About this exercise: With pictures left out, set down every record word for word.

=-=-=

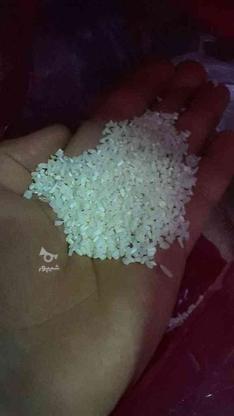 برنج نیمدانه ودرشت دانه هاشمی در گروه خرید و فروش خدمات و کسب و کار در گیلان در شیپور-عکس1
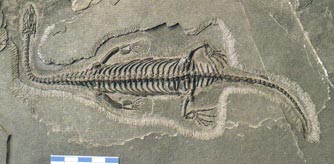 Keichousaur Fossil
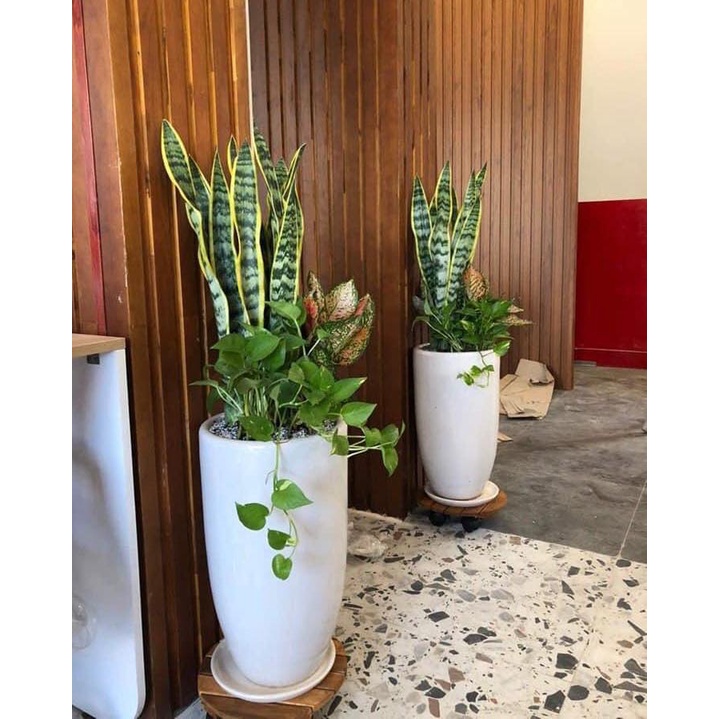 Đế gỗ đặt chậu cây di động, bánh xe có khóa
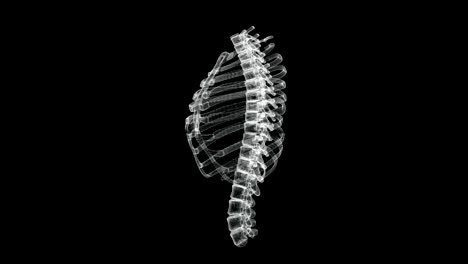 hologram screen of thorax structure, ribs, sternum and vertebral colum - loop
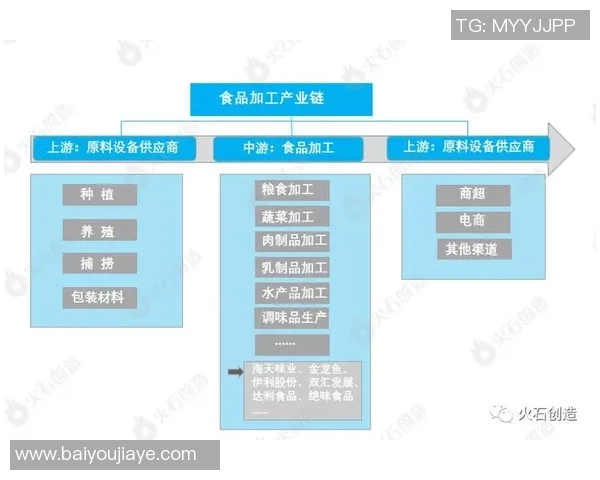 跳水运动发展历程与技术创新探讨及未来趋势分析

=-=-=

Finished task:
 برنج نیمدانه ودرشت دانه هاشمی در گروه خرید و فروش خدمات و کسب و کار در گیلان در شیپور-عکس1
 Keichousaur Fossil
 Đế gỗ đặt chậu cây di động, bánh xe có khóa
 hologram screen of thorax structure, ribs, sternum and vertebral colum - loop
 跳水运动发展历程与技术创新探讨及未来趋势分析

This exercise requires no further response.